▶ _Data section_:
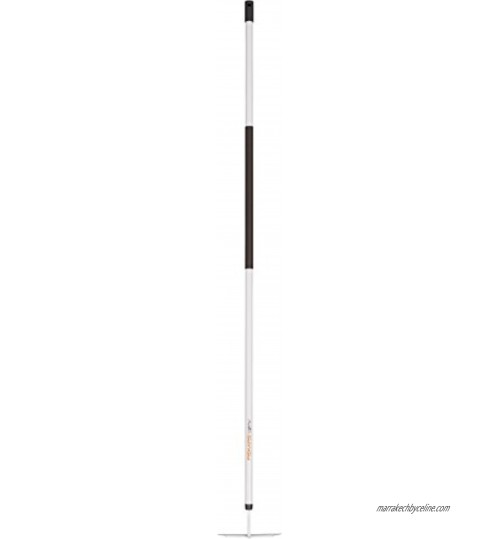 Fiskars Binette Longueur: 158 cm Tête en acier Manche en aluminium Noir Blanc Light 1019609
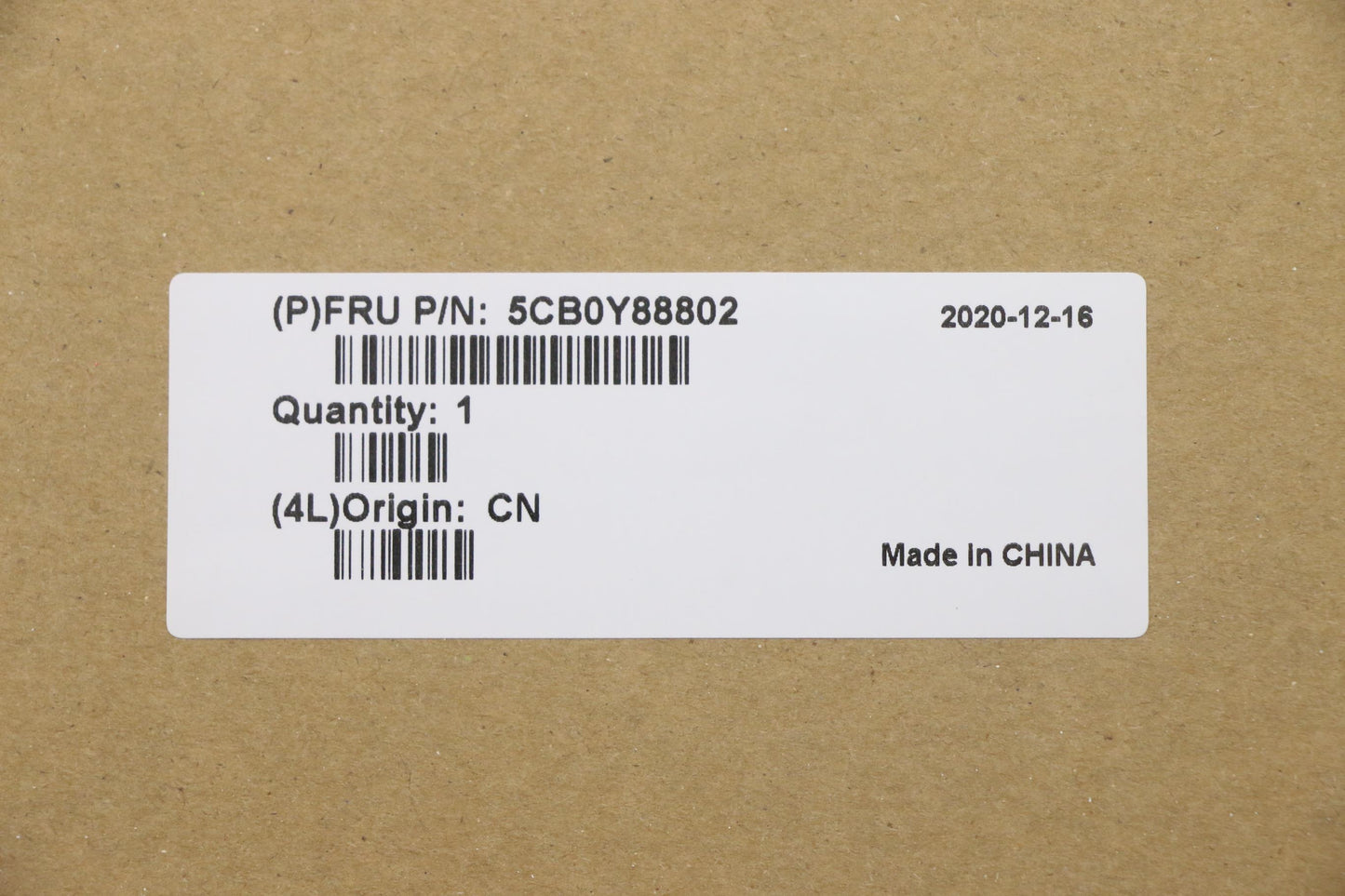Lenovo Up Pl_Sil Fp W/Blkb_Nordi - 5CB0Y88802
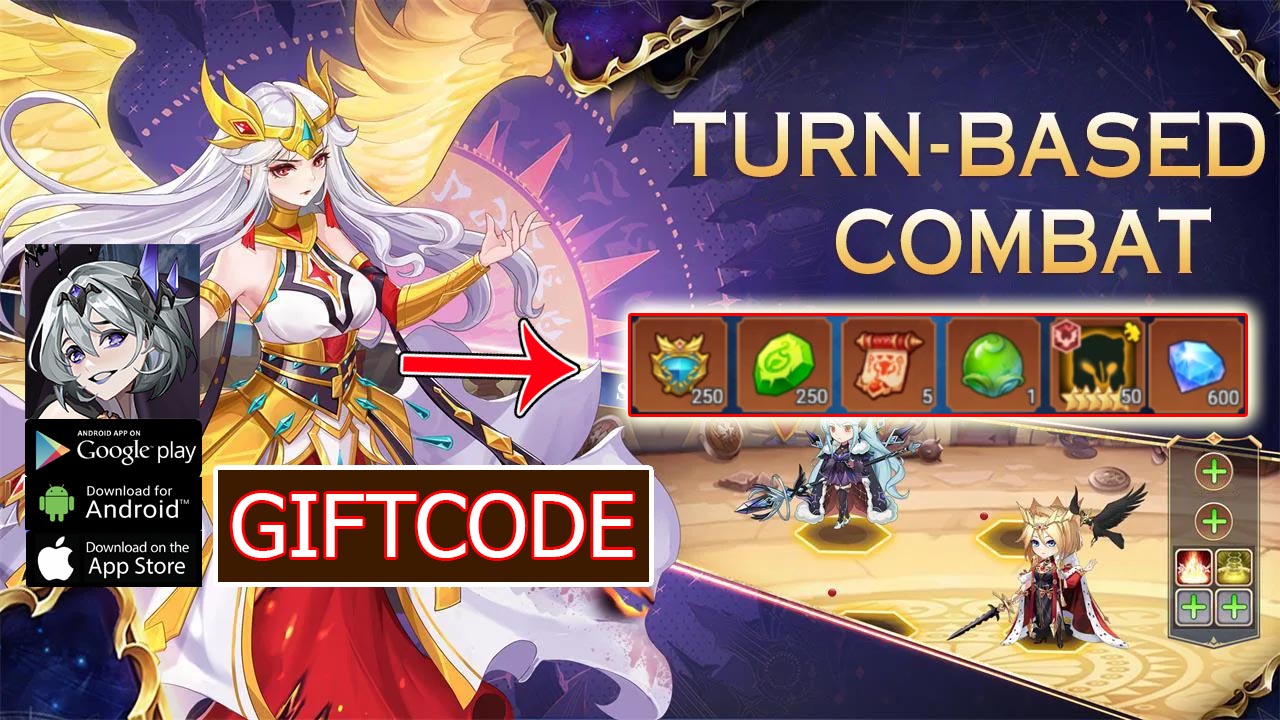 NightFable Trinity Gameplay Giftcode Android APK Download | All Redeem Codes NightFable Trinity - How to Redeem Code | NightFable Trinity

▶ _Instructions to follow_: Each line above should be written out again unchanged; no images are to be carried over.

▶ _Answer for this exercise_:
 Fiskars Binette Longueur: 158 cm Tête en acier Manche en aluminium Noir Blanc Light 1019609
Lenovo Up Pl_Sil Fp W/Blkb_Nordi - 5CB0Y88802
 NightFable Trinity Gameplay Giftcode Android APK Download | All Redeem Codes NightFable Trinity - How to Redeem Code | NightFable Trinity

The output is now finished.